A better performance in its retail banking and a tax rebate helped Credit Agricole return to profit in the fourth quarter.
The French bank said it’ll propose to pay a dividend on its full-year results for the first time since 2010, having beaten its own solvency targets. The dividend will be €0.35 per share.
Net income rose to €612m (£505m) in the last three months of 2013. A year earlier, it had made a loss of almost €4bn - hit by a series of writedowns. Net income for the year stood at €2.5bn.
The bank had posted two years of losses, hit by pulling out of Greece and Italian-related provisions.
Business line revenues (taking into account one-off costs and exceptional items) grew 4.3 per cent in the fourth quarter year-on-year, to €3.2bn. This reflects, said CreditAg, “healthy business momentum”.
Chief executive Jean-Paul Chifflet commented:
Our results first and foremost reflect the robustness of our economic model. Prior to unveiling our medium-term plan on 20 March next, Crédit Agricole has shown that it is ready to move forward with confidence. It has reduced its risk profile and refocused on the businesses where it excels.
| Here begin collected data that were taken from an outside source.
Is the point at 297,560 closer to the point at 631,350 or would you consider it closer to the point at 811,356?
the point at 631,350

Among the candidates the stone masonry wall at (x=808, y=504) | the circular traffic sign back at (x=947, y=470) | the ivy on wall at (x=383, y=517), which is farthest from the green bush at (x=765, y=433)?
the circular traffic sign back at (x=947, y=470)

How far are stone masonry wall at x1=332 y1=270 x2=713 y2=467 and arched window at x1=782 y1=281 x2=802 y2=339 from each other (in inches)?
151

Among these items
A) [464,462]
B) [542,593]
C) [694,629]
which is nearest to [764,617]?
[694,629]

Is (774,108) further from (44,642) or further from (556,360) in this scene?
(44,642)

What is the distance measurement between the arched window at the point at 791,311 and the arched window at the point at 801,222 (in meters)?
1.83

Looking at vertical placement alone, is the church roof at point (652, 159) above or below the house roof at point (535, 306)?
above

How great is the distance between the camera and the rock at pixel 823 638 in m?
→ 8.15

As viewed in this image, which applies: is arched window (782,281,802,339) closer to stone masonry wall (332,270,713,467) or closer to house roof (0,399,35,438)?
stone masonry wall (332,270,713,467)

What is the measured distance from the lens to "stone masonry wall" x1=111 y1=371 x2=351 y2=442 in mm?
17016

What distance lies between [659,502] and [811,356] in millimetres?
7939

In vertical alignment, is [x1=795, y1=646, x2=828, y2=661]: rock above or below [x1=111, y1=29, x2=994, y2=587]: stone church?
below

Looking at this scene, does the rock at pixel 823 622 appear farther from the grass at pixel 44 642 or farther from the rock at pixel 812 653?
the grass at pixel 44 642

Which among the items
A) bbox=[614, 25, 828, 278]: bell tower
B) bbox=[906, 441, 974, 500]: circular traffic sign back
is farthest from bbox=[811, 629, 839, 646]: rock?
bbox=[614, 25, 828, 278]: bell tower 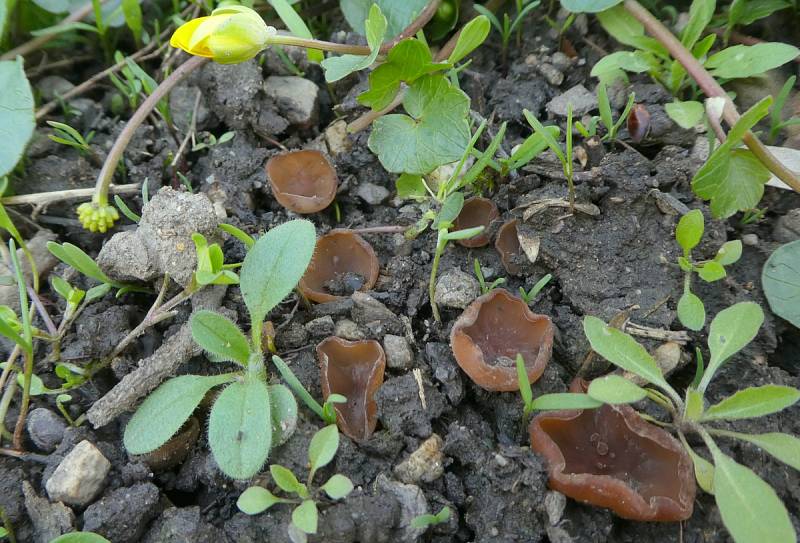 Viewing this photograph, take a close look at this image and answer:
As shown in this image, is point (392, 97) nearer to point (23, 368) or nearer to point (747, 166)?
point (747, 166)

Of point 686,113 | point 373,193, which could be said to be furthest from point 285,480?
point 686,113

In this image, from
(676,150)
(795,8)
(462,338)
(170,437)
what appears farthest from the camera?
(795,8)

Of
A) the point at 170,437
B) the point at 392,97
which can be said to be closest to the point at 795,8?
the point at 392,97

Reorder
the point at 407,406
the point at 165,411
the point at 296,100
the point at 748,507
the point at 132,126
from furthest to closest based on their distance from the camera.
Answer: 1. the point at 296,100
2. the point at 132,126
3. the point at 407,406
4. the point at 165,411
5. the point at 748,507

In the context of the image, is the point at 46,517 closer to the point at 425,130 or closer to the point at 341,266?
the point at 341,266

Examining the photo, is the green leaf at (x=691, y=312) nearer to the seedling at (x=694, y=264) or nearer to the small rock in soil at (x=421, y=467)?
the seedling at (x=694, y=264)

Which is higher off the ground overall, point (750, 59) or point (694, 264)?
point (750, 59)

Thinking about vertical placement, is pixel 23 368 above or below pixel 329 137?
below

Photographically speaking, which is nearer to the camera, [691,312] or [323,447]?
[323,447] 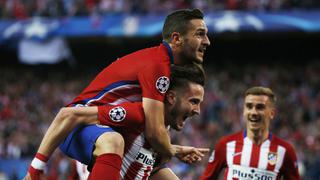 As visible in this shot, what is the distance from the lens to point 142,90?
4.86 meters

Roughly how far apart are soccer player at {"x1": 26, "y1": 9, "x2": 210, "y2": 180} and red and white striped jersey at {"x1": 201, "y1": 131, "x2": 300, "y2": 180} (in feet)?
5.18

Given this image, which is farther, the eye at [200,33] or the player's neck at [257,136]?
the player's neck at [257,136]

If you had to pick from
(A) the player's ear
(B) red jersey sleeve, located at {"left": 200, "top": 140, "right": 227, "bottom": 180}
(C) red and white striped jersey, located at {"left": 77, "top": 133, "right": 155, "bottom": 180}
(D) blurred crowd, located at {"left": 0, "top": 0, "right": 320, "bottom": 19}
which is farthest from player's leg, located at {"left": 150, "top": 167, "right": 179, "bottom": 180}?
(D) blurred crowd, located at {"left": 0, "top": 0, "right": 320, "bottom": 19}

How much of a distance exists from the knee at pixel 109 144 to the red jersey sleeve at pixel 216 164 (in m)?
2.13

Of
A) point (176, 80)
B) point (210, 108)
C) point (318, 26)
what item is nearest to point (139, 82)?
point (176, 80)

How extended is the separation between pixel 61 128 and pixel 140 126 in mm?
570

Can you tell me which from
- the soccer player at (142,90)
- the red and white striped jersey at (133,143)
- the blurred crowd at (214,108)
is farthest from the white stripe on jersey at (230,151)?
the blurred crowd at (214,108)

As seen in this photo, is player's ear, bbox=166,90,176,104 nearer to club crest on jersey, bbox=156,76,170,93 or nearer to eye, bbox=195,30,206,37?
club crest on jersey, bbox=156,76,170,93

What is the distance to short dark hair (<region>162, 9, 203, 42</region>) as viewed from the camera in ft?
17.0

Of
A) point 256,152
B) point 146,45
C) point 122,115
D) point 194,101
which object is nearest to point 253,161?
point 256,152

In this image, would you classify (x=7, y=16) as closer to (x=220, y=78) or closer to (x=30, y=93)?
(x=30, y=93)

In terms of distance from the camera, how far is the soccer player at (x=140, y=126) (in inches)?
188

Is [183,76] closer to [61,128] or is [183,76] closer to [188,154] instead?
[188,154]

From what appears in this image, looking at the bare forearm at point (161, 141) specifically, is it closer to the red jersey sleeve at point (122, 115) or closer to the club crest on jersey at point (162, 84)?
the red jersey sleeve at point (122, 115) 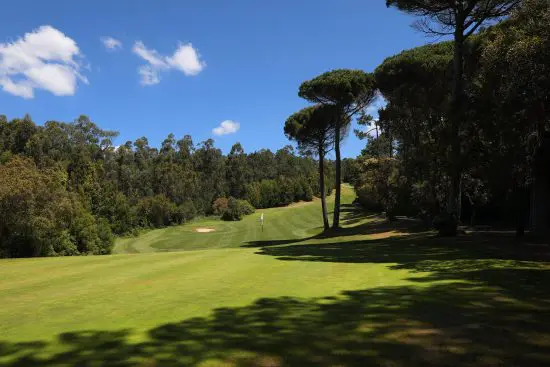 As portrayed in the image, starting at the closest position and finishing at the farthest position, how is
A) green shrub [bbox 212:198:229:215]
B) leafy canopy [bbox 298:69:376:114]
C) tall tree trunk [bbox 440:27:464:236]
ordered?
tall tree trunk [bbox 440:27:464:236] < leafy canopy [bbox 298:69:376:114] < green shrub [bbox 212:198:229:215]

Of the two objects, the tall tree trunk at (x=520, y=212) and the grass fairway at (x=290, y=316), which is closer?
the grass fairway at (x=290, y=316)

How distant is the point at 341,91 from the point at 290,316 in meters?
29.7

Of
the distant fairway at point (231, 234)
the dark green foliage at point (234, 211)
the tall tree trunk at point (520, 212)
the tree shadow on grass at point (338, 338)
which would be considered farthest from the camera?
the dark green foliage at point (234, 211)

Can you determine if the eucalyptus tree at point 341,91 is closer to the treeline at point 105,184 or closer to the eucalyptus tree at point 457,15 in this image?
the eucalyptus tree at point 457,15

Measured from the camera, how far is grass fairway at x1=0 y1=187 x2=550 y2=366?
13.2 ft

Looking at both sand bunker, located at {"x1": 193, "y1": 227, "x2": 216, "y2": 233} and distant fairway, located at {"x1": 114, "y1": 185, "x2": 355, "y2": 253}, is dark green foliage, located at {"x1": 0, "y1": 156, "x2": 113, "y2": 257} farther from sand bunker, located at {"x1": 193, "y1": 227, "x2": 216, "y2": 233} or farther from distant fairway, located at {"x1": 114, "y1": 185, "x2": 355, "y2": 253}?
sand bunker, located at {"x1": 193, "y1": 227, "x2": 216, "y2": 233}

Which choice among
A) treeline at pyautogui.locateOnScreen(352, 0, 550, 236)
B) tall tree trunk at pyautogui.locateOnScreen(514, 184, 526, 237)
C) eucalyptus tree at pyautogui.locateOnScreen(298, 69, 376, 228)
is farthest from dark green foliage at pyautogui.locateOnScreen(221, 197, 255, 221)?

CreditAg has also improved its capital generation. Un January 2014, it has a fully loaded Basel 3 CET1 ratio of 8.3 per cent - up from 6.9 per cent seen at the end of the third quarter.
Chifflet told journalists that the lender thinks the French economic situation will get better over this year.
He also said revenue’s set to improve in the bank’s Italian subsidiary this year. In the final quarter, Cariparma reported a €20m net profit, compared to a loss of €10m a year earlier.
He added that the asset quality review by the European Central Bank - which’ll assess the bank’s balance sheet - isn’t a concern for the group, though it is, of course, “vigilant”.